Folgen wir allerdings der deontologischen Sichtweise, so ist die Veröffentlichung entsprechend markanter Bilder nicht verwerflich, sofern sich die bildliche Darstellung frei auf dem Spielfeld der externen Normen und des kategorischen Imperativs des Kommunikators bewegt. Tatsächlich wäre ein Verletzung externer Normen aus objektiver Sicht nicht festzustellen. Ob eine Verletzung des kategorischen Imperativs des Bildproduzenten stattgefunden hat, lässt sich aus unserer Perspektive nicht beurteilen. Fakt ist hingegen, dass sich zumindest die medialen Träger für die Freigabe des Bildmaterials entschieden und so entsprechend ihrer subjektiven Normen agierten.
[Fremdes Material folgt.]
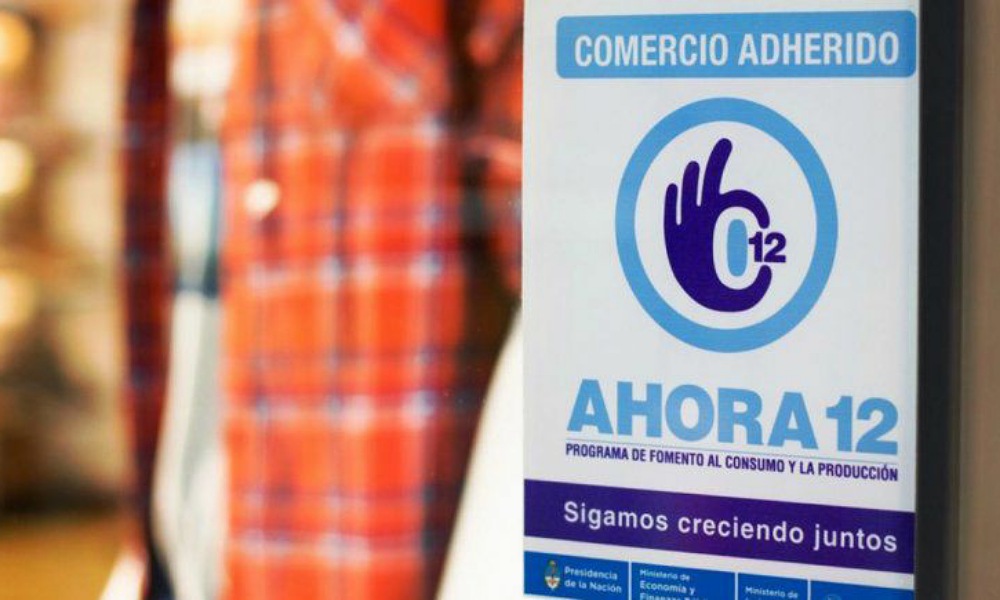 El Gobierno Nacional busca fomentar el consumo y producción extendiendo el Ahora12. El Gobierno Nacional busca fomentar el consumo y producción extendiendo el Ahora12.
Die Folgen, die die Veröffentlichung nach sich zieht (in konkretem Fall der weltweite Krieg gegen den Terrorismus) spielen bei der Abwägung der Handlung aus deontologischer Sichtweise zunächst einmal keine Rolle. Es ist also völlig egal, ob durch die Veröffentlichung eine neue Realität geschaffen wird, die in weiterer Folge Unschuldige verletze oder sogar töte. Der Abdruck ist aus dieser Perspektive als ethisch korrekt anzunehmen.

Fortsetzung folgt.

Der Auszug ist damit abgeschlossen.